Iya: phone, as in, Mummy's Iya
Dan: dance (accompanied by a shoulder wiggle)
Car Dan: a car with music playing on the stereo
Tun ON!: come ON! (something I say when frustrated. Come ON zip. Come ON shoe. Come ON car. Etc. Not thrilled he repeats this! At least it's not swearing.
Notice in the above words that Boy sometimes pronounces "F" as "sh" and "P" as "t". I don't swear in front of the children, and instead have chosen to say "oh flip" when things aren't going my way. Boy copies. But change the F to an sh, and the P to a T, and he says......oh dear. Perhaps I'd better come up with a new non-swearword.
After being found to have a language delay at his two year check two months ago, Boy has advanced to quickly, I often find myself wondering where he heard such and such, or how he knows about this or that when he comes out and says certain things. He really thinks about things, and now he can say enough words to tell us what he's thinking about. Yes, it is mostly cars, but it's interesting nonetheless! I'm so ridiculously proud of him, it's only learning to talk, most children do it no problem, but its just so utterly amazing to see this baby that I MADE telling me that his sister has finished her milk, so now mummy can get the blocks out for me. As exciting as I find it, I'm also clinging on to that baby I once had. I was writing some of his funny sayings in his baby book last night, and some of the pictures in there make my heart ache. He was so small not very long ago. His sister looks just like him. When she grows, will she be like Boy is now? I remember being so excited when he learned to blow a raspberry at four months. Everything he conquers is so precious to me, but I know I can't keep them all forever. It's like trying to keep water in my hands, I can't stop it slipping away but I'm just not ready to let it go. My baby is a boy.
On Wednesday, he got his very first freckles, just five or so, round the smiley crinkles of his eyes. I was delighted. I'm covered in freckles and so is HID, I've always thought they are so beautiful. When I was a little girl, my granddad told me the sun had given me special kisses.
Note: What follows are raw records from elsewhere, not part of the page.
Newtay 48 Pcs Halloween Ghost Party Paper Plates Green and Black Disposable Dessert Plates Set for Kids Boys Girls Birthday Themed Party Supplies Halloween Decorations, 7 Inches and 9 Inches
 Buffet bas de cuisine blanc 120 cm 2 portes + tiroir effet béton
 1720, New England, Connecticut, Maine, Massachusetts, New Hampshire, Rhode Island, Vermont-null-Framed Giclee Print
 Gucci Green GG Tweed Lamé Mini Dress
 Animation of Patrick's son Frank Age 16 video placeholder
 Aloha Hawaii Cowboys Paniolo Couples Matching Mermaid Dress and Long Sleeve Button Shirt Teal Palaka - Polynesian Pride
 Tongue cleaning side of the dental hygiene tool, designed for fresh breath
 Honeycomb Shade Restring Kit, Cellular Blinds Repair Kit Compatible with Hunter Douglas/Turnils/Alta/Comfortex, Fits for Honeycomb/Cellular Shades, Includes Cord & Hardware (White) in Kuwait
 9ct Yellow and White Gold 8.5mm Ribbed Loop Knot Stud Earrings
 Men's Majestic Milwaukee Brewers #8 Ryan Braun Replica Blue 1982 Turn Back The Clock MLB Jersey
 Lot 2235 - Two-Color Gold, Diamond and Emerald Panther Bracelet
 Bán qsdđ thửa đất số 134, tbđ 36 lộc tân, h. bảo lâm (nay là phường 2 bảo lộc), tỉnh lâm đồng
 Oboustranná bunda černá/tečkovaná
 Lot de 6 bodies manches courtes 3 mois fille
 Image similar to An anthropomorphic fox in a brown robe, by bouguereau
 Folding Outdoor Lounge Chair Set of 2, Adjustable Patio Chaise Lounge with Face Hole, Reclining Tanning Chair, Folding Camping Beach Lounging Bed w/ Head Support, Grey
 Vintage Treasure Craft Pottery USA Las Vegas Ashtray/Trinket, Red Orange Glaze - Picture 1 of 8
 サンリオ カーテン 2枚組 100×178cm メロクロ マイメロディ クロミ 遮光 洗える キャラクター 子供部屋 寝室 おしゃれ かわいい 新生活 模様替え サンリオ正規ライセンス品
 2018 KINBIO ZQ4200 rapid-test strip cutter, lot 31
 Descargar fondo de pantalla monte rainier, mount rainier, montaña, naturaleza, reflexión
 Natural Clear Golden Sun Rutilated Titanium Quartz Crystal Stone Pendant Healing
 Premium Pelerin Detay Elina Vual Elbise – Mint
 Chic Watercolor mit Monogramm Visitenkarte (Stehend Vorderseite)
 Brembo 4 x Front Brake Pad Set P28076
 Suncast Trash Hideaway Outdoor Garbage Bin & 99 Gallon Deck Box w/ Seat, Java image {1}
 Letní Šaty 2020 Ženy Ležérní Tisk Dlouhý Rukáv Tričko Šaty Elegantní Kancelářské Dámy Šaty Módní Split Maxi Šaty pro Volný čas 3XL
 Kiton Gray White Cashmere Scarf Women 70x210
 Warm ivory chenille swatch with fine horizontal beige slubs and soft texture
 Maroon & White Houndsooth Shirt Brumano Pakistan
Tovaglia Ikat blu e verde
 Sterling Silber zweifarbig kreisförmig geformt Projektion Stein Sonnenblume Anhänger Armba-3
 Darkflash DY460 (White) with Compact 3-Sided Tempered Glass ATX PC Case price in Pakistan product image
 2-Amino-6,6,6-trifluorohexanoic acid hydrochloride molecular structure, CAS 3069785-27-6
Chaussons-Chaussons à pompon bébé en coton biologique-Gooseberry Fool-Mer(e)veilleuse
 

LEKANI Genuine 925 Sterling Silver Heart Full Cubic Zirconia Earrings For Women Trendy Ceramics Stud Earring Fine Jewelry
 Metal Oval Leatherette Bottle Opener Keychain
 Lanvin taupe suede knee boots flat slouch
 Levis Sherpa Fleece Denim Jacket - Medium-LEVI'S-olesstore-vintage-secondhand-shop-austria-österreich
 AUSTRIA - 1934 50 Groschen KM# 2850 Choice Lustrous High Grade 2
On the same day, he said "yes" for the very first time. For almost a year, he'd used a waving hand (like a nodding hand) for yes, which then turned into a pirate-like "Aye", then for a few weeks into "hurrah", and finally yer. Not "yeah" but a clear and beautiful yes.
He gets on my last nerve sometimes, but other times, I have to squeeze him just a little too tight while I still can.